The monthly cross-country overview continues with examples from the Baltic and their lessons for Europe and its endless recovery. 

Source: Trading Economics
In his latest article, Olivier Blanchard, chief economist of the IMF, pinpoints the success story of Latvia, a country that experienced a typical boom-bust cycle. After a strong, Chinese-style growth in the decade preceding the crisis followed by a sharp increase of its current account deficit (>20% of GDP - see figure), in 2008 due to mostly outside contagion came a slump and a 10% decrease of GDP (in 2009), huge fiscal deficit, capital flight and surging unemployment (from 5.4% at its 2008 bottom to 20.7% at its peak in 2010). It’s striking how similar all these European cases are – from Iceland to Spain and Ireland, which all sustained a typical asset price boom, to Greece, Italy or Portugal whose governments based their electoral winning welfare state policies on cheep borrowing conditions – they all have one similar condition: large current account deficits based on an unsustainable public finance model (whether due to an asset price boom, or just plain corruption and vote-buying).
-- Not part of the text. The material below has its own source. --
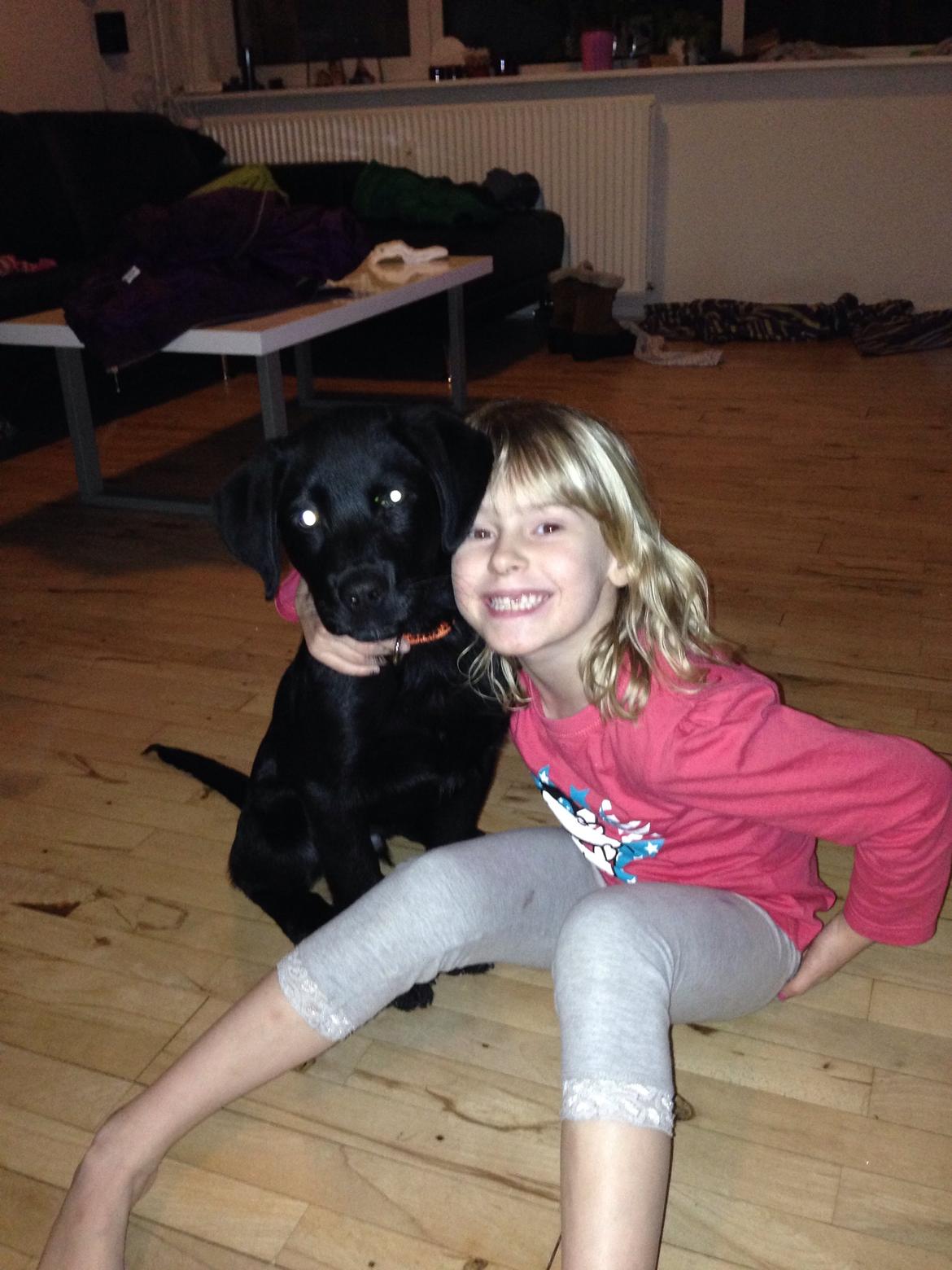 Blanding af racer sofus billede 8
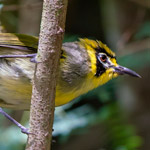 母島の固有種 ハハジマメグロ Ⓒ小笠原母島観光協会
But they all underwent different recovery paths, some more successful (the Baltic countries), some less (Iceland), and some outright terrible (PIIGS). And while Iceland’s recovery was based on depreciation of its currency, letting the banks default and export-led growth supported by a stronger institutional environment than in the rest of Europe, the recovery of Latvia appears to be a much more sustainable path (even though it didn't seem like it 2 years ago), especially applicable to countries with similar conditions (like Greece, Hungary, Croatia or any number of Eastern European countries). 

It didn't start well at all for Latvia. If you see the graph above, after their adjustment started, GDP plummeted in 2010. It was painful. Unemployment surged, people emigrated massively and capital flew from the country. However, the peg remained fixed, and Latvia avoided the Argentine scenario (hint: Corralito).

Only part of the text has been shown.